Revision as of 23:50, 23 July 2014

The following problem is from both the 2004 AMC 12B #7 and 2004 AMC 10B #9, so both problems redirect to this page.

Problem

A square has sides of length $10$, and a circle centered at one of its vertices has radius $10$. What is the area of the union of the regions enclosed by the square and the circle?

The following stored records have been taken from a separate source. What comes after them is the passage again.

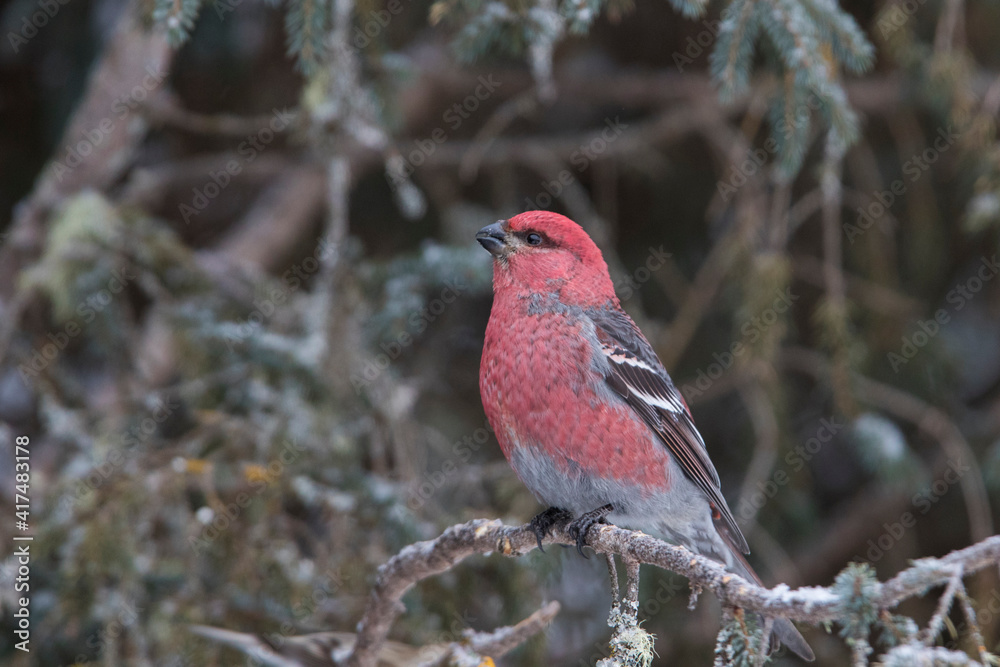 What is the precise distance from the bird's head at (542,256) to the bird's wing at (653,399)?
0.12 m

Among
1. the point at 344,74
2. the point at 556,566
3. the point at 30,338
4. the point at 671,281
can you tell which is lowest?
the point at 556,566

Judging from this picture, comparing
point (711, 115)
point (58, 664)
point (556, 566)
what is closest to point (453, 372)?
point (556, 566)

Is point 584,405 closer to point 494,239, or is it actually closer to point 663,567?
point 494,239

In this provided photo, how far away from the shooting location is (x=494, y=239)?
2867 mm

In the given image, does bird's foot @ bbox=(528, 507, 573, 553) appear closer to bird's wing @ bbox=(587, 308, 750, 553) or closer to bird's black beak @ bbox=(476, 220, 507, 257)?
bird's wing @ bbox=(587, 308, 750, 553)

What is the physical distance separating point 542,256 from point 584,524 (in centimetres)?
91

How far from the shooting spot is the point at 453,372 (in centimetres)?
444

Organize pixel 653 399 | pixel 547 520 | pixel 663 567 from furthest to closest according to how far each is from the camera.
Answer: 1. pixel 653 399
2. pixel 547 520
3. pixel 663 567

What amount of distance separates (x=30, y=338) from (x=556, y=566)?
2.34 m

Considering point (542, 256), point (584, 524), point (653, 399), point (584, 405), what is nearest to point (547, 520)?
point (584, 524)

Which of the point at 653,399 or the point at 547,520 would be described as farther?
the point at 653,399

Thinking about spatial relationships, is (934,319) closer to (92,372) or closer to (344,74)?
(344,74)

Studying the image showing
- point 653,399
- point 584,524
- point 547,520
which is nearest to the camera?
point 584,524

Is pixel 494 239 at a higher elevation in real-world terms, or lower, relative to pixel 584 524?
higher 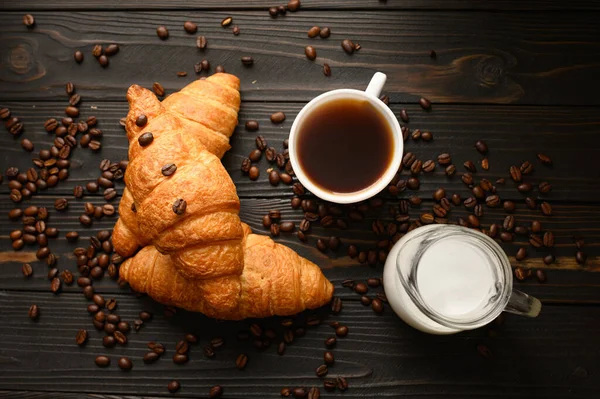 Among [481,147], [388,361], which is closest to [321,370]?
[388,361]

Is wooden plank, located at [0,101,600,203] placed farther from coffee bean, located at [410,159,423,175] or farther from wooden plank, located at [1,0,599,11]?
wooden plank, located at [1,0,599,11]

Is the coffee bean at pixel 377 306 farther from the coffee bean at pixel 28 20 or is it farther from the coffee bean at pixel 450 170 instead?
the coffee bean at pixel 28 20

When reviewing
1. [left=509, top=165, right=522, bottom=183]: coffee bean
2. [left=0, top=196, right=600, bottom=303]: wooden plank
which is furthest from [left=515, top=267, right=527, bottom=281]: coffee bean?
[left=509, top=165, right=522, bottom=183]: coffee bean

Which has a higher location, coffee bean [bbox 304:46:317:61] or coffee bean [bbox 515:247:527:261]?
coffee bean [bbox 304:46:317:61]

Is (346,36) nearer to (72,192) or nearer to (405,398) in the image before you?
(72,192)

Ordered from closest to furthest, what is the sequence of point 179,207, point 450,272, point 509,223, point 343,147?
point 179,207, point 450,272, point 343,147, point 509,223

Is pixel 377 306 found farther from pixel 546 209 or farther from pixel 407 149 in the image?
pixel 546 209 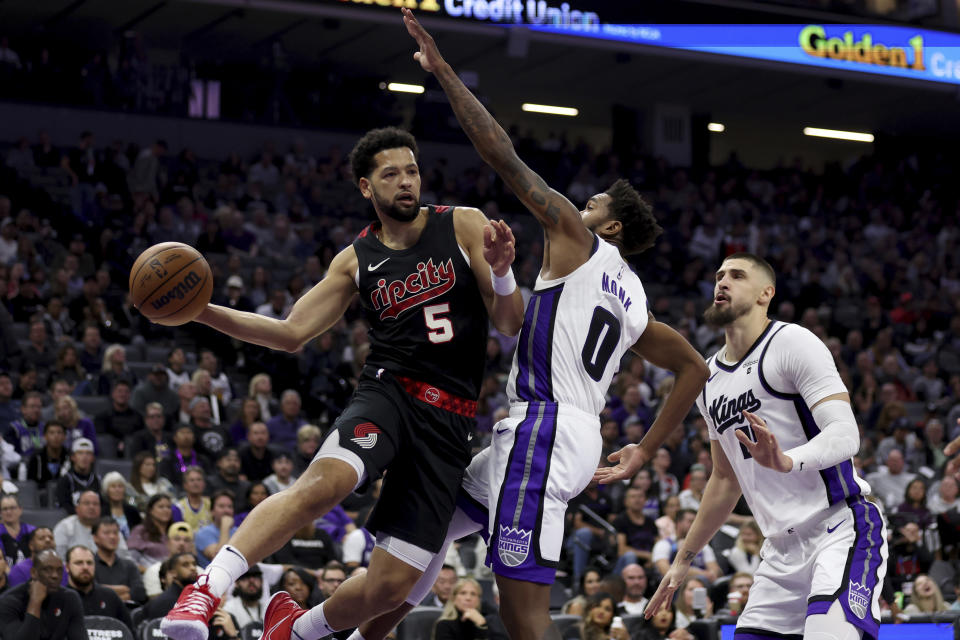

$\mathrm{(A)\ }200+25\pi\quad\mathrm{(B)\ }100+75\pi\quad\mathrm{(C)\ }75+100\pi\quad\mathrm{(D)\ }100+100\pi\quad\mathrm{(E)\ }100+125\pi$

Solution

The area of the circle is $S_{\bigcirc}=100\pi$, the area of the square is $S_{\square}=100$.

Exactly $1/4$ of the circle lies inside the square. Thus the total area is $\dfrac34 S_{\bigcirc} + S_{\square} = \boxed{100+75\pi} \Longrightarrow \mathrm{(B)}$.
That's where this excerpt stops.